= Andrew Scott Cairncross =

20th-century Scottish professor of English literature and Shakespeare expert

Andrew Scott Cairncross (25 March 1901 – 17 December 1975) was a Scottish-American scholar of Shakespeare and the English literary renaissance.

Cairncross is best known for his 1936 book The Problem of Hamlet (London: MacMillan), which makes a number of controversial arguments about Hamlet — arguing, for example, that the play was written around 1588–89 (rather than twelve years later, as most scholars insist), and that the so-called Ur-Hamlet, to which frequent allusion occurs starting in 1589, is actually an early draft of Shakespeare's play.

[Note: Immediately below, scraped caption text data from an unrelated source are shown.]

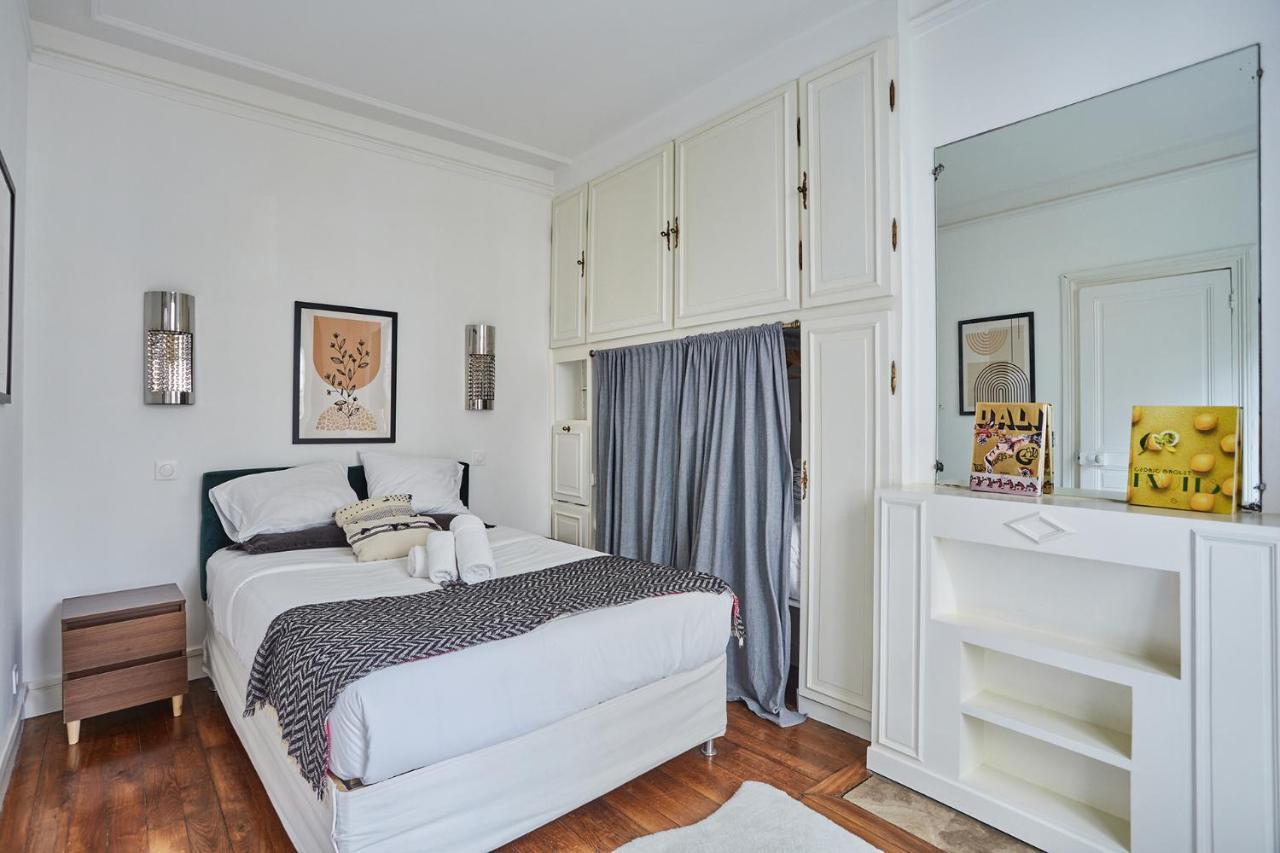 Residence Tour Eiffel By Studio Prestige Paris Exterior photo
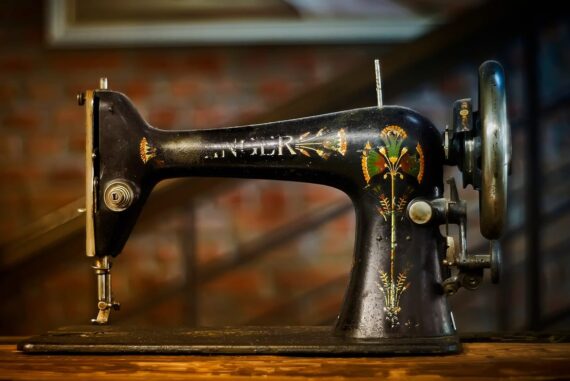 Test de la machine à coudre Singer Decorative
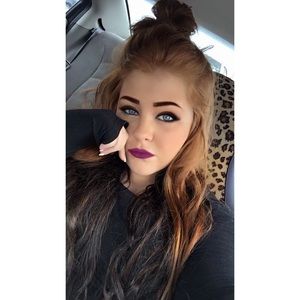 Meet your Posher, Brittney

Cairncross was born in Lesmahagow, Scotland, to Andrew Cairncross and Margaret Matin. He earned his M.A. and D.Litt. (1932) from the University of Glasgow and worked as a schoolteacher and headmaster in his native Lanarkshire until retiring in 1961. He immigrated to the United States in 1963 at the invitation of Hardin–Simmons University, and within a year was a visiting professor at the University of Texas at El Paso. In 1964, he finished a three-volume work on Henry VI, published by Harvard University Press.

He was a visiting professor at Baylor University in the spring of 1974. He died in Bryan, Texas in 1975.